DATA EXCERPTS:
☆ ☆ ☆ ☆

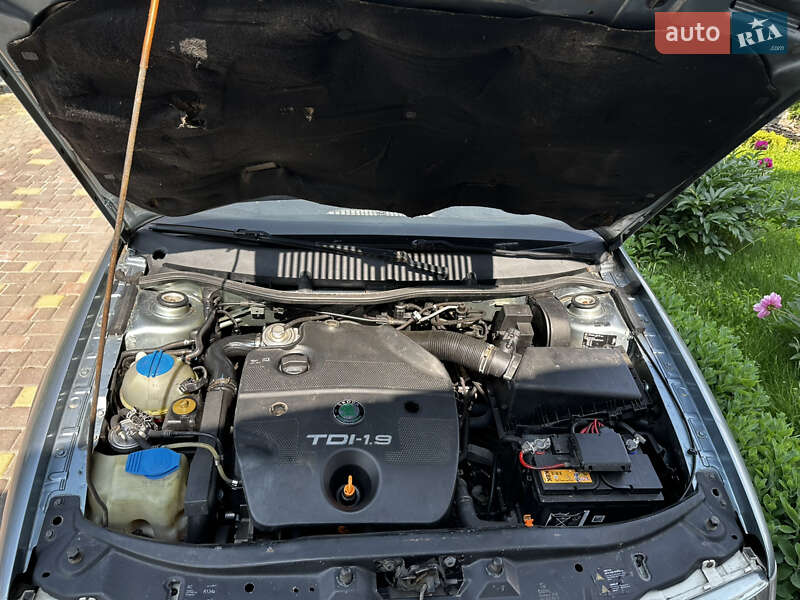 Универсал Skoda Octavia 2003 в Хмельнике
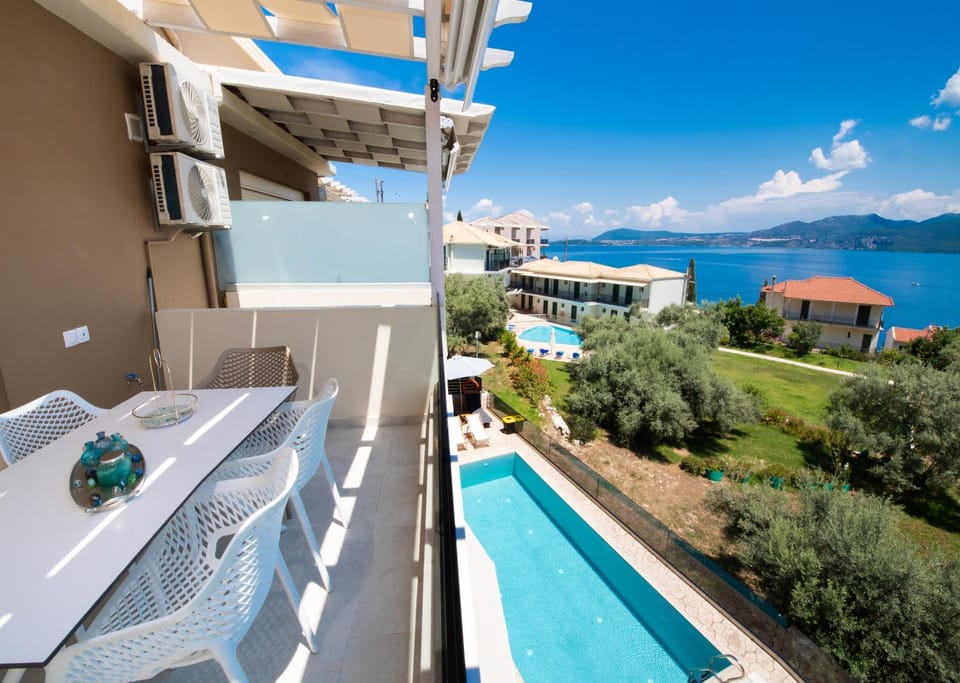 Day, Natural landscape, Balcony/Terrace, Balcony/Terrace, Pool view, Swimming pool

☆ ☆ ☆ ☆

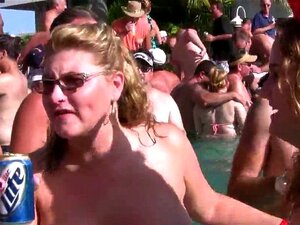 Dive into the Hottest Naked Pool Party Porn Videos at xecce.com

☆ ☆ ☆ ☆

TO DO: In the listing above, find the line with "Универсал Skoda Octavia 2003 в Хмельнике" and the line with "Day, Natural landscape, Balcony/Terrace, Balcony/Terrace, Pool". Copy both of them and every line between, exactly, but not the pictures.

SOLUTION BELOW:
 Универсал Skoda Octavia 2003 в Хмельнике
 Day, Natural landscape, Balcony/Terrace, Balcony/Terrace, Pool view, Swimming pool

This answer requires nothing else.